Olufunmilayo Odumosu Immanuel ,aka ‘Jesus of Oyingbo’, carpenter, property developer, religious visionary, husband to 34 wives, father to dozens. The people around Lagos, Nigeria, called him "Jesus of Oyingbo." He called himself "Immanuel the Christ, Father Abraham and the Light of God."

 He was working as a carpenter when he founded the Universal College of Regeneration in the early 1950's. Before moving to Manor Street, his movement was headquartered in the neighborhood of Oyingbo, which gave him his lasting name.

Jesus of Oyingbo was religiously tolerant, mixing, for example, Christian statues with Islamic and pagan symbols on his compound.

During his life time, he was one of the richest religious leaders in the country! He assured his followers, who accepted him claim of deity, "I shall not die but live and declare the works of the Lord."

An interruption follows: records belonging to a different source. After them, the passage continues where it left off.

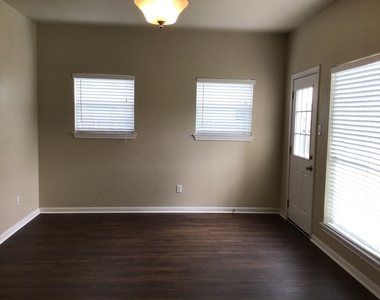 13470 Miller Lane - Photo Thumbnail 4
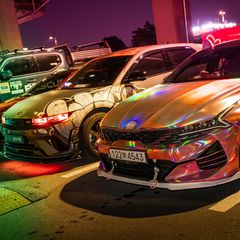 Autos parken nebeneinander in Seoul bei einem Treffen der Tuningszene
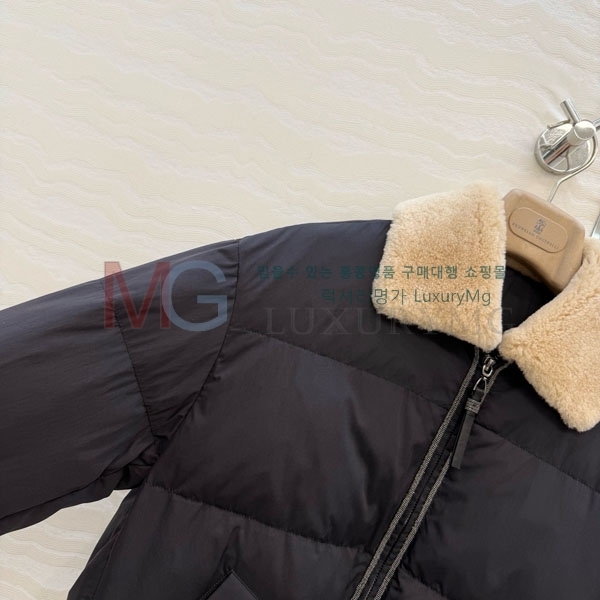 ���� ���ڷ� ��ġ�ڸ� �ٿ� �е� BC5345054-3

Hundreds of his followers once lived on Manor Street, Maryland, Lagos, Nigeria, in buildings called ''Merciful and Mighty'' and ''Everlasting Father,'' surrounded by statues of Christ, Caterpillar tractors, sculptures of lions and mermaids fountain with water spurting from their mouths.

It was an empire befitting the man who, mixing Christianity, paganism and profit, subjecting his followers to form of slavery.  Built his own church and popularized a movement that has put independent churches seemingly on every street corner in Lagos.

 It was alleged that ‘this Jesus’ did not exactly live a holy life and he had numerous scrapes with the law, among them illegal business deals, alleged abductions, and
sexual escapades - including relations with church members wives, even his own grown-up daughters!

According to one of his son, Seye Immanuel, ''After he died, it stopped,'' Seye Immanuel said. ''Everything stopped.'' The center could not hold, and the place unraveled into factions fighting over the man's legacy and money, pitting longtime members against the children, mothers against sons and daughters. The church fell apart!  But today, in an otherwise well-kept neighborhood has change forever.

In recent years, the eldest son, Olukayade Immanuel, took the longtime members to court, won his lawsuit last, immediately he evicted the members from the mansion. As the legal owner of his entire father's property, he allowed the children to stay. But now they accuse him of neglect and call him a thief.

Olukayade Immanuel has expressed optimism about the future thus: ''Nigeria has survived, and my father's movement will survive,'' he said. Pa odumosu died in 1988, he was aged 73.